Question: Your title, Creaturely Poetics, does not explicitly mention humans or animals. What or who is “creaturely” and how does speaking about creatures differ from speaking about humans and animals?
Anat Pick: There are a number of reasons for speaking about creatures instead of humans and animals. The creaturely includes both human and nonhuman life. Creatureliness is intended to replace the so-called human condition, which implies the “inhuman condition” as somehow inferior and excluded from life’s existential adventure and, most significantly, excludes animals from the moral community. The creaturely is primarily the condition of exposure and finitude that affects all living bodies whatever they are. The materiality of life turns us all into creatures sharing in a common embodiment and mortality. Recent scholarship, especially in the area of biopolitics, has turned its attention to the state of bodily exposure. But unlike Giorgio Agamben’s bare life or Judith Butler’s precarious life, which remain within the confines of human life, creatureliness applies across the range of living beings and draws on the predicament of animals as in some sense exemplary of precarity as such.
There is, furthermore, a kind of provocation in the term “creature” because it hints at a certain animalization (or—to use a loaded term—“dehumanization”) of the human, and, conversely, a certain humanization of the animal. It is an egalitarian term that refrains from simply extending moral consideration to animals based on capacities similar to our own that we grant they possess and which therefore entitle them to (certain limited) rights. Instead of extending such consideration to animals, I wanted to contract humanity. This is a recurring idea in the book, and it is partly achieved by thinking of human beings as creatures.
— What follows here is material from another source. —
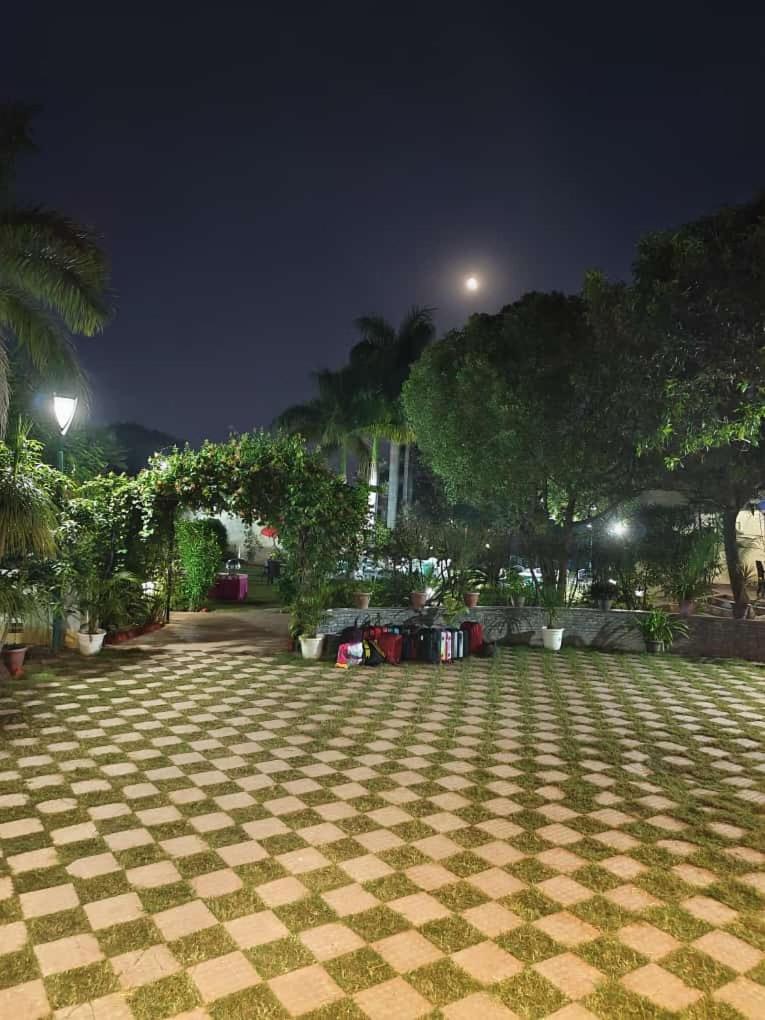 Royals Moonlight Resort,Corbett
The creature speaks universally, without erasing or flattening out the differences that clearly exist between different living beings. The question is an ethical one: what value do we attach to the differences between humans and animals and what are the moral consequences of such differences? Contrary to some work in animal ethics, I do not concede a moral difference between humans and animals; I do not recognize a difference in the intrinsic value between human and nonhuman life.
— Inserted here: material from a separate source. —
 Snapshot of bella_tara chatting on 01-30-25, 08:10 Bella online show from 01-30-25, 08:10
But there is a third sense in which “creaturely” is a preferable framework within which to operate: I have become increasingly skeptical about what seem like endless but ultimately fruitless deconstructions of the human/animal binary. I don’t think reaching conceptually to some before or beyond of the human matters very much. The book offers a different reading of the problem of animal exploitation and of the central problem of violence that persist whether or not we regard ourselves as human or view animals as more or less similar to us. The more controversial implication of my work is that our kinship with animals—and indeed kinship in general—is no guarantee against violence. I explore this idea in the first chapter on the Holocaust, a chapter that moves away from conventional Holocaust rhetoric, for which “human” and “humanity” are key terms for making sense of the event. The Holocaust is not, I argue, simply a “crime against humanity” but a violation of the sacred. And I turn to a variety of thinkers and commentators, from Primo Levi to Alain Finkielkraut and Simone Weil, to explore the uses and misuses of the discourse of species in Holocaust remembrance. I do not subscribe to the notion that enlightenment humanism in some ways led to or culminated in the Holocaust, nor do I see the chief task of remembrance as a salvaging and a reinstating of humanism. It is through a creaturely prism that the Holocaust remains at once a worldly or historical event and a radically transgressive one.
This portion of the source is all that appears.